Separating elements from a list according to preceding element

Rob Cowie · Mar 5, 2006

I'm having a bit of trouble with this so any help would be gratefully
recieved...

After splitting up a url I have a string of the form
'tag1+tag2+tag3-tag4', or '-tag1-tag2' etc. The first tag will only be
preceeded by an operator if it is a '-', if it is preceded by nothing,
'+' is to be assumed.

Using re.split, I can generate a list that looks thus:
['tag1', '+', 'tag2', '+', 'tag3', '-', 'tag4']

I wish to derive two lists - each containing either tags to be
included, or tags to be excluded. My idea was to take an element,
examine what element precedes it and accordingly, insert it into the
relevant list. However, I have not been successful.

Is there a better way that I have not considered? If this method is
suitable, how might I implement it?

Thanks all,

Rob Cowie

Gerard Flanagan · Mar 5, 2006

Rob said:
I'm having a bit of trouble with this so any help would be gratefully
recieved...

After splitting up a url I have a string of the form
'tag1+tag2+tag3-tag4', or '-tag1-tag2' etc. The first tag will only be
preceeded by an operator if it is a '-', if it is preceded by nothing,
'+' is to be assumed.

Using re.split, I can generate a list that looks thus:
['tag1', '+', 'tag2', '+', 'tag3', '-', 'tag4']

I wish to derive two lists - each containing either tags to be
included, or tags to be excluded. My idea was to take an element,
examine what element precedes it and accordingly, insert it into the
relevant list. However, I have not been successful.
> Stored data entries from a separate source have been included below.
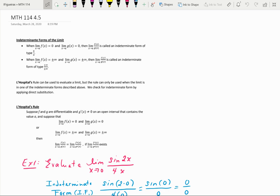This lesson is on indeterminate forms of the limit and L'Hôpital's rule. An indeterminate form occurs when you are evaluating the limit of a quotient — the limit as x approaches a of f(x) over g(x) — and by direct substitution, if you plug in a and end up with something like 0 over 0, that is not an answer; it's just a form, and it's considered an indeterminate form.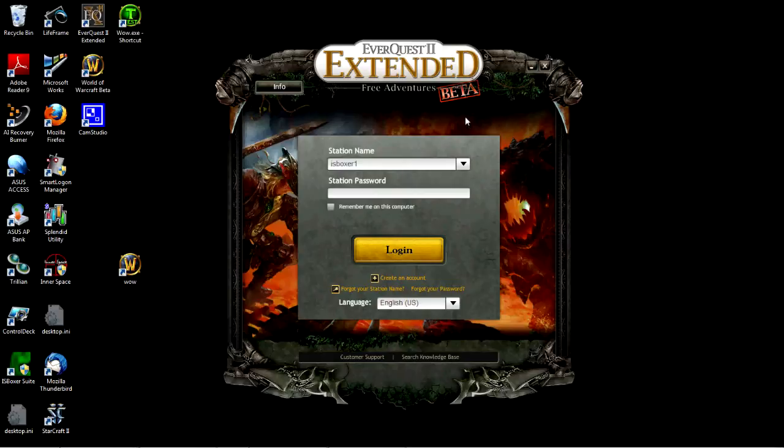Hi guys, it's Joe the Multiboxer and I'm going to show you how to set up Innerspace for EverQuest 2 Extended.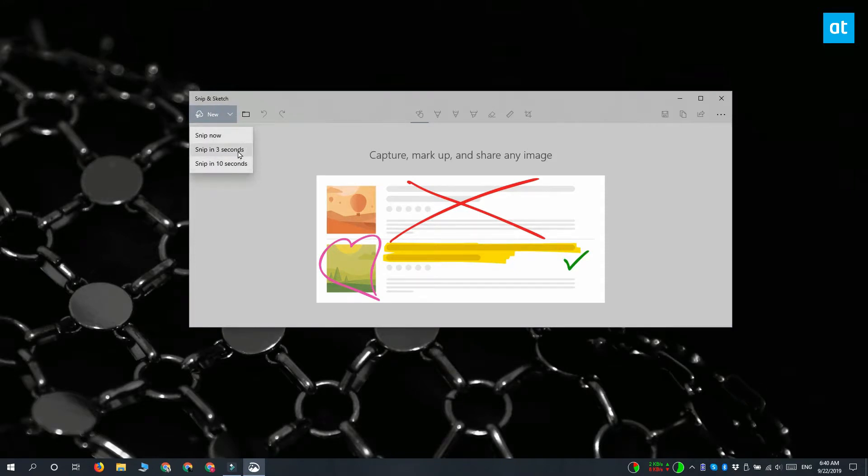You can select a 3 or 10 second delay option. If you're not sure, just go with 10 and then use those 10 seconds to set up the screenshot that you want to take.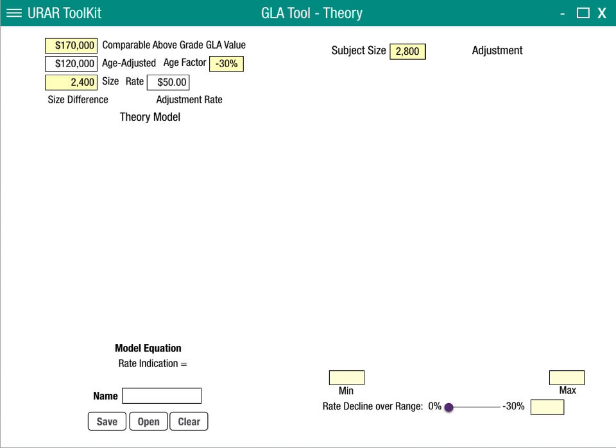We'll plug in 2,800 for this example. We're also asked to come up with a range that we want to do this analysis over, so we'll do our range from 2,000 to 3,000 square feet. We'll also estimate a rate decline over this range for this analysis — we're going to plug in 10%.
Is there a better way that I have not considered? If this method is
suitable, how might I implement it?

Thanks all,

Rob Cowie

a = [ '+', 'tag1', '+', 'tag2', '-', 'tag3', '+', 'tag4' ]

import itertools

b = list(itertools.islice(a,0,8,2))
c = list(itertools.islice(a,1,8,2))

result1 = [x[1] for x in itertools.izip(b,c) if x[0] == '+']
result2 = [x[1] for x in itertools.izip(b,c) if x[0] == '-']

print
print result1
print result2

Gerard

Ben Cartwright · Mar 5, 2006

Rob said:
I wish to derive two lists - each containing either tags to be
included, or tags to be excluded. My idea was to take an element,
examine what element precedes it and accordingly, insert it into the
relevant list. However, I have not been successful.

Is there a better way that I have not considered?

Maybe. You could write a couple regexes, one to find the included
tags, and one for the excluded, then run re.findall on them both.

But there's nothing fundamentally wrong with your method.

If this method is
suitable, how might I implement it?

tags = ['tag1', '+', 'tag2', '+', 'tag3', '-', 'tag4']

include, exclude = [], []
op = '+'
for cur in tags:
if cur in '+-':
op = cur
else:
if op == '+':
include.append(cur)
else:
exclude.append(cur)

--Ben

Gerard Flanagan · Mar 5, 2006

Gerard said:
Rob said:

I'm having a bit of trouble with this so any help would be gratefully
recieved...

After splitting up a url I have a string of the form
'tag1+tag2+tag3-tag4', or '-tag1-tag2' etc. The first tag will only be
preceeded by an operator if it is a '-', if it is preceded by nothing,
'+' is to be assumed.

Using re.split, I can generate a list that looks thus:
['tag1', '+', 'tag2', '+', 'tag3', '-', 'tag4']

I wish to derive two lists - each containing either tags to be
included, or tags to be excluded. My idea was to take an element,
examine what element precedes it and accordingly, insert it into the
relevant list. However, I have not been successful.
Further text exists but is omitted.